TEMPO.CO, Jakarta - Meski telah memberikan sejumlah insentif, pertumbuhan industri properti selama beberapa tahun terakhir belum menggembirakan. Karena itu, Menteri Keuangan Sri Mulyani Indrawati mengharapkan kemajuan pertumbuhan industri ini pada sisa tahun ini.
Sri Mulyani menuturkan, selama empat tahun terakhir, pertumbuhan industri properti dan realestat selalu lebih kecil dibandingkan dengan pertumbuhan PDB Indonesia. Pada 2017, industri properti mencatat pertumbuhan sebesar 3,66 persen dibandingkan dengan pertumbuhan PDB 5,07 persen. Pada 2018, pertumbuhan sektor properti melorot jadi 3,58 persen, sementara pertumbuhan PDB naik jadi 5,17 persen.
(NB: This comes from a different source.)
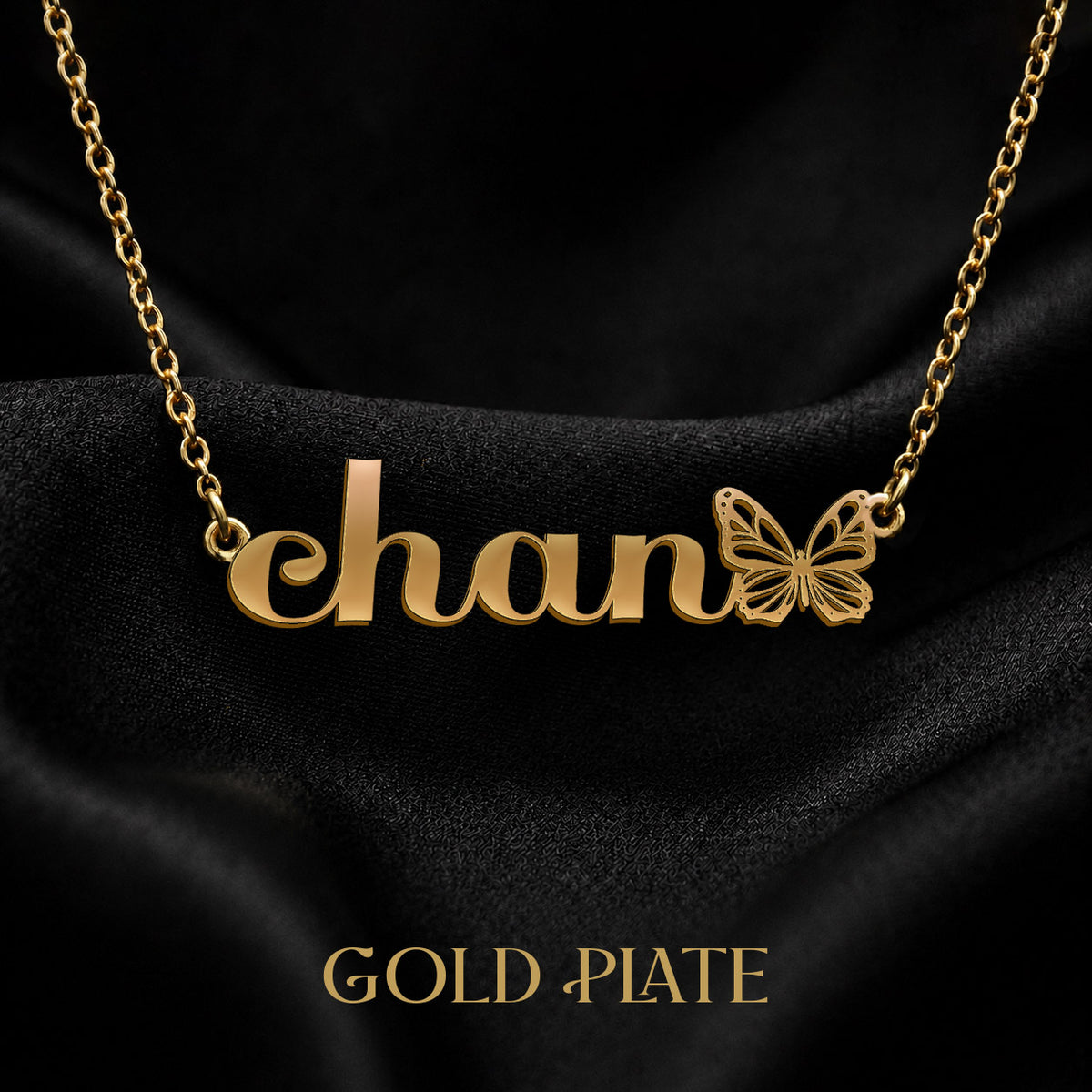 CHAN The Classic Personalized Name Necklace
"Padahal, pemerintah telah memberikan sejumlah insentif demi menggairahkan industri properti," kata Sri Mulyani dalam Rapat Koordinasi Nasional Bidang Properti Kamar Dagang dan Industri Indonesia 2019 di Jakarta pada Rabu 18 September 2019.
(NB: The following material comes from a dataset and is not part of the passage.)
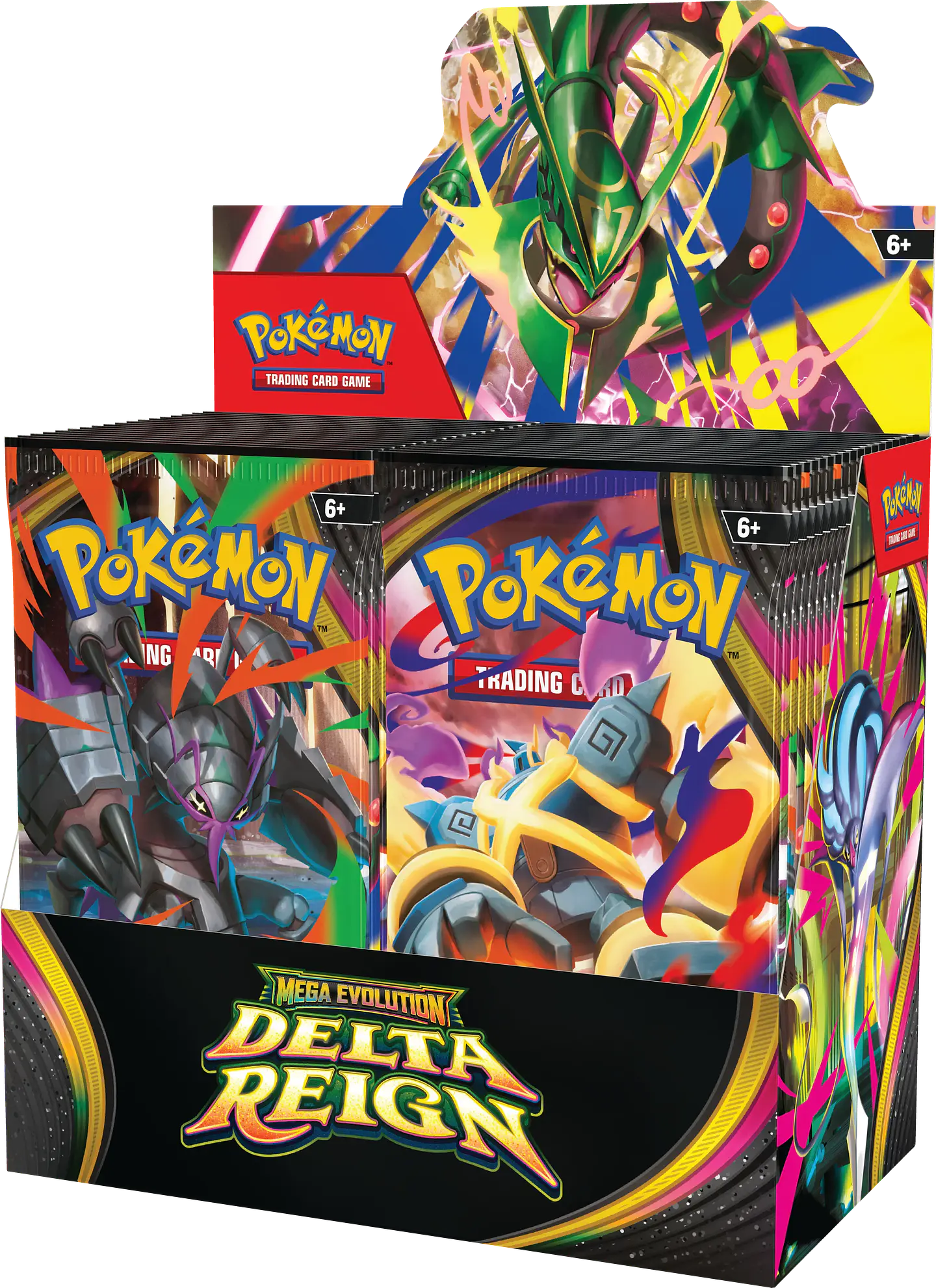 Pokémon TCG Delta Reign Booster Box (Inglés) Preventa 1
Salah satu insentif yang diberikan, kata Sri Mulyani, adalah dengan menaikkan batasan nilai hunian mewah yang dikenakan PPh dan PPnBM, dari awalnya memiliki nilai batasan awal jual Rp5 miliar-Rp10 miliar menjadi Rp30 miliar.
"Kami sudah bertemu dengan para pengusaha yang meminta ini diubah. Tarif PPh pasal 22 untuk hunian mewah juga sudah dioangkas dari 5 persen menjadi 1 persen. Tetapi, selama ini masih belum terlihat pertumbuhannya," kata Sri Mulyani.
Insentif lain yang diberikan pemerintah adalah menaikkan Batasan Tidak Kena PPN Rumah Sederhana sesuai wilayah. Yang mendapat insentif ini adalah hunian Rumah Susun Sederhana Milik yang perolehannya dibiayai melalui kredit atau pembiayaan bersubsidi yang memenuhi ketentuan pada PP No. 81/2015 dan PMK No. 269 serta PMK No. 10 tahun 2015.
"Saya meminta kepada pengusaha di bidang ini untuk selalu bersikap positif dan memanfaatkan insentif-insentif yang telah kami keluarkan. Industri properti ini dapat mempengaruhi bidang lain secara signifikan. Saya harap sudah ada perubahan pada kuartal III tahun ini atau semester I tahun depan," tutur Sri Mulyani.